There will be more carbon dioxide in the atmosphere in 2004 than in 1994.
See above.

There will be more nitrous oxide in the atmosphere in 2004 than 1994.
See above.

The concentration of ozone in the lower atmosphere (the troposphere) will be greater than in 1994.
See above.

Emissions of the air pollutant sulfur dioxide in Asia will be significantly greater in 2004 than in 1994.
See above.

There will be less fertile cropland per person in 2004 than in 1994.
Agricultural productivity has been increasing steadily for the last 200 years. There’s no reason to think it should stop now. Increasing productivity means more output for less input. QED.

There will be less agricultural soil per person in 2004 than 1994.
See above.

There will be on average less rice and wheat grown per person in 2002–2004 than in 1992–1994.
Increased prosperity means better food. What should we be worrying that people are eating fruits and vegetables instead of rice and bread?

In developing nations there will be less firewood available per person in 2004 than in 1994.
Increasing prosperity means people will have electricity and central heating, so yeah, firewood production will go down.

The remaining area of virgin tropical moist forests will be significantly smaller in 2004 than in 1994.
The weasel word in this bet is “virgin”. Even if rainforest acreage went up, Ehrlich would invoke it and claim victory.

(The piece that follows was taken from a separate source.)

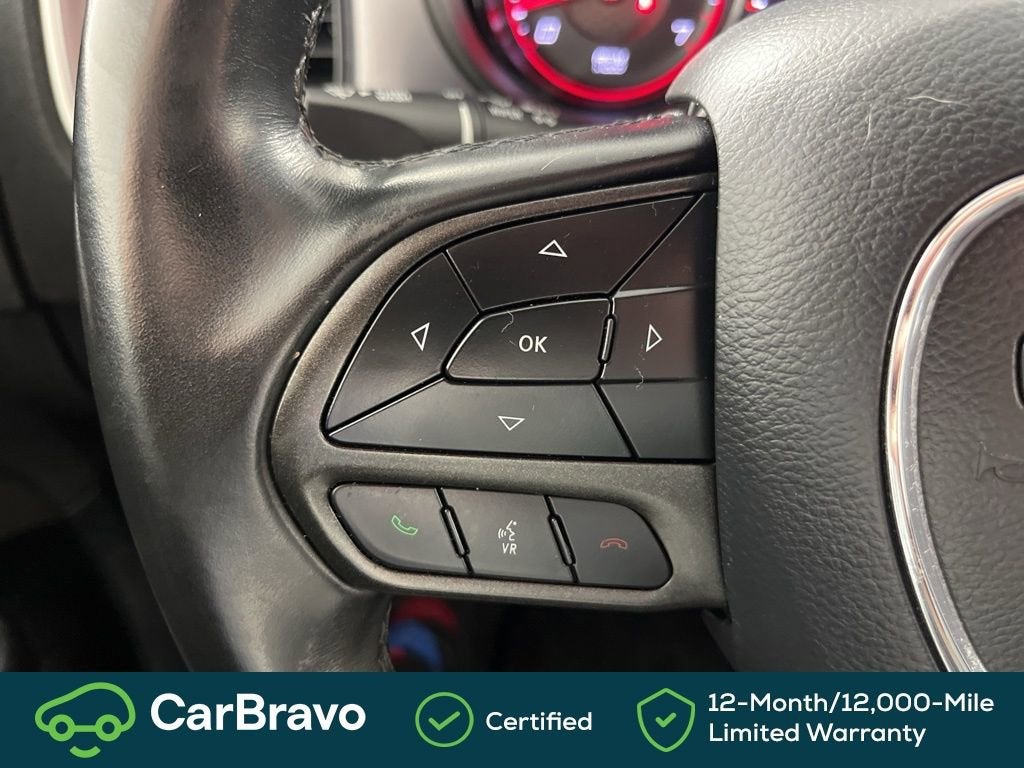 2020 Dodge Charger SXT RWD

The oceanic fishery harvest per person will continue its downward trend and thus in 2004 will be smaller than in 1994.
The decline of worldwide fish stocks is tragic, however, farmed fish is increasing dramatically lately, suggesting a permanent fix to the problem of overfishing. Tricking an economist into betting against the Prisoners Dilemma is difficult, apparently.

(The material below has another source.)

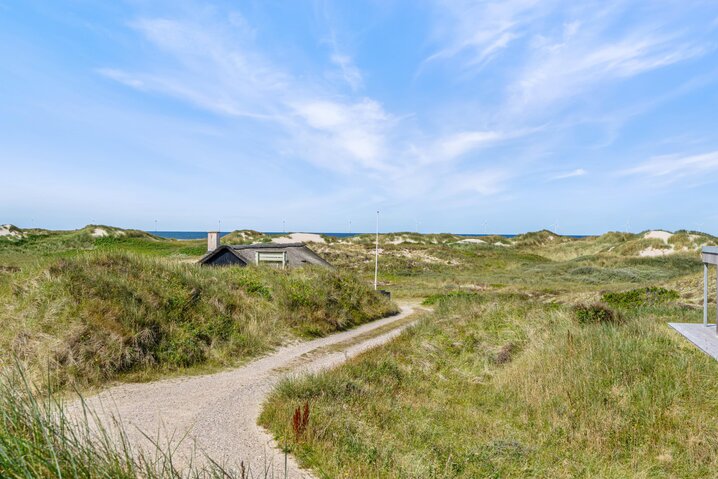 Ferienhaus i6487 in Wolle Friks Vej 75, Søndervig - Bild #43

There will be fewer plant and animal species still extant in 2004 than in 1994.
Almost by definition this is true. No new species will form and be catalogued in ten years so as long as a single species goes extinct, the statement is true.

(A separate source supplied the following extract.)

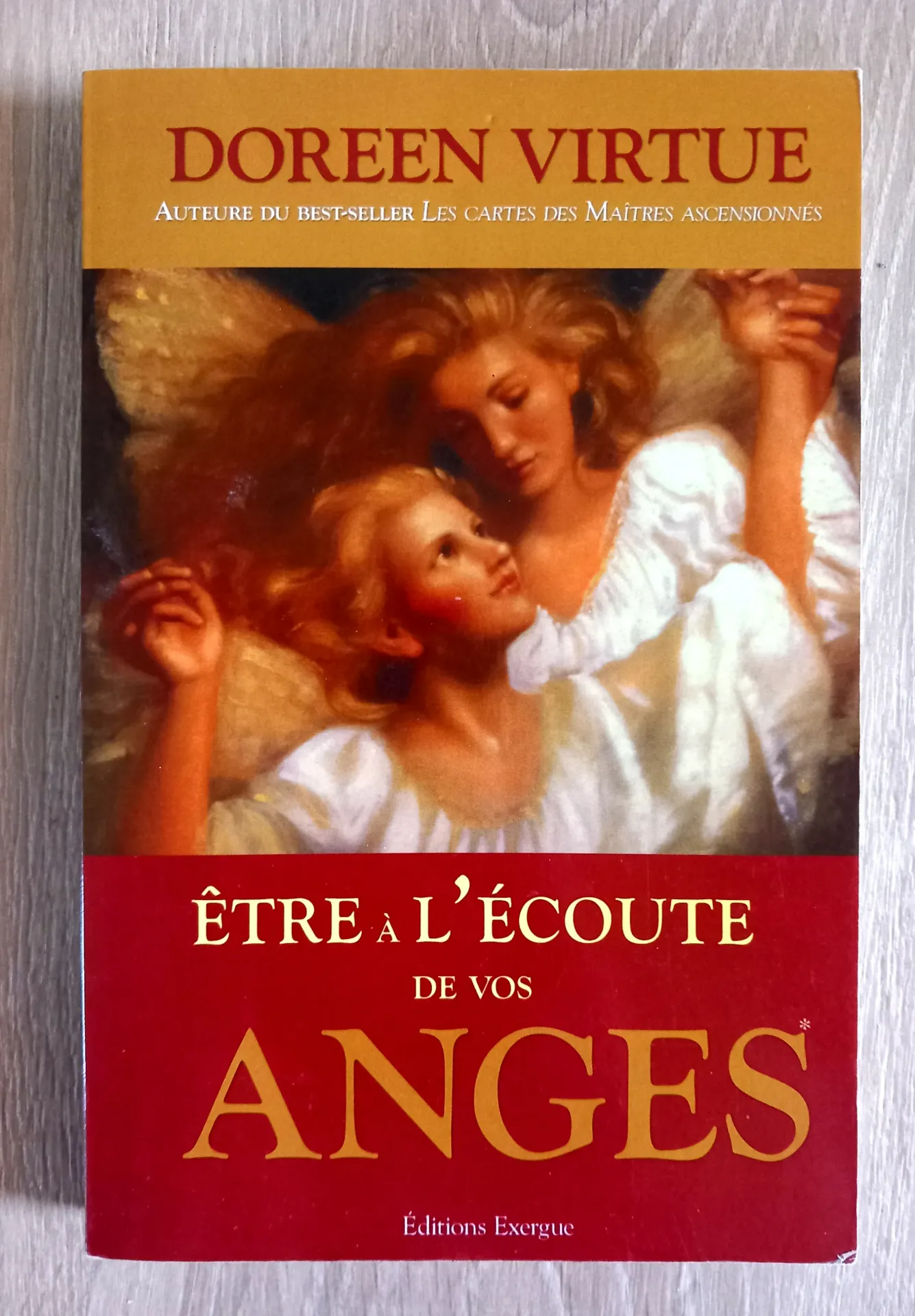 Etre à l'écoute de vos anges (Doreen Virtue)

More people will die of AIDS in 2004 than in 1994.
Since AIDS takes a long time to kill people, you can fairly easily predict deaths in ten years simply by looking at current infection rates. More people did die in 2004 than 1994 from AIDS, but it was fairly close. It turned out to happen, but the AIDS death trend now is strongly downward, even in the developing world.
aids mdg_graph1

Between 1994 and 2004, sperm cell counts of human males will continue to decline and reproductive disorders will continue to increase.
Sedentary lifestyles decrease sperm count and people are having kids at older ages, so increased prosperity will bring about these sorts of things.

The gap in wealth between the richest 10% of humanity and the poorest 10% will be greater in 2004 than in 1994.
The poorest 10% will still be around subsistence, and the richest will go up, therefore the gap will go up. Keep in mind that in 1994, well more than half the world were at subsistence, so basically the bet says that unless world poverty is reduced by 90% and the rich don’t get any richer, Ehrlich wins.

Global inequality will keep increasing forever. So long as the top goes up, there will be someone, somewhere, whose income is 0, and thus the gap will increase. It’s not a bad thing. It just means people are getting richer.